Enfin, notons encore que l'on trouvera dans la section 3 de ce chapitre une explicitation relativement détaillée du parallèle naissant que Piaget croit pouvoir constater entre, d'un côté, la logique des relations entre schèmes d'action ainsi qu'entre objets qui apparaissent dès les coordinations de schèmes de ce 4e stade, et de l'autre la logique des relations propre à l'intelligence représentative et qui sera modélisée un peu plus tard au moyen de cette algèbre de la logique que Piaget avait assimilée dans les années 1920 en lisant des auteurs tels que Léon Couturat). Cette section, comme les sections pareillement orientées du chapitre précédent et des chapitres ultérieurs et qui toutes visent la mise en évidence d'une véritable "logique de l'action sensori-motrice", prennent leur pleine signification lorsqu'on les relie aux recherches que Piaget consacrera quatre décennies plus tard à la dialectique et à la logique des significations.
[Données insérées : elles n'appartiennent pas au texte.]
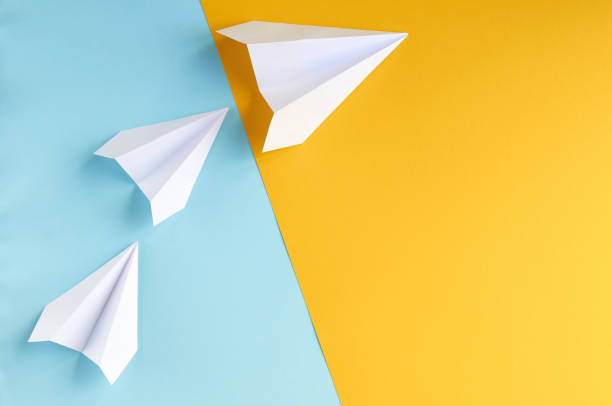 istock White paper planes on blue and yellow background composition. 1176579294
À titre d'illustration, citons un seul passage qui donne une idée de ce qui est en jeu dans la dite section: "la coordination des schèmes qui caractérise les conduites du présent stade, va toujours de pair avec une mise en relation des objets eux-mêmes subsumés par ces schèmes. Autrement dit les relations qui déterminent un objet donné ne sont pas seulement les rapports d'appartenance qui lui permettent d'être inséré dans un ou plusieurs schèmes, mais toutes les relations qui le définissent des points de vue spatial, temporel, causal, etc." (p. 210), à savoir des relations qui peuvent être ordonnées, inversées, multipliées, etc. (p. 211). Comparativement à ce qui sera réalisé quelques années plus tard sur le plan de la pensée opératoire de l'enfant de 6-10 ans environ, ce qui fait défaut dans ce début (en 1936) d'explicitation détaillée de la logique de l'action sensori-motrice est l'utilisation de modèles exprimant au moyen du symbolisme algébrique cette activité quasi logique qui, à l'évidence pour Piaget, accompagne le fonctionnement de l'intelligence sensori-motrice.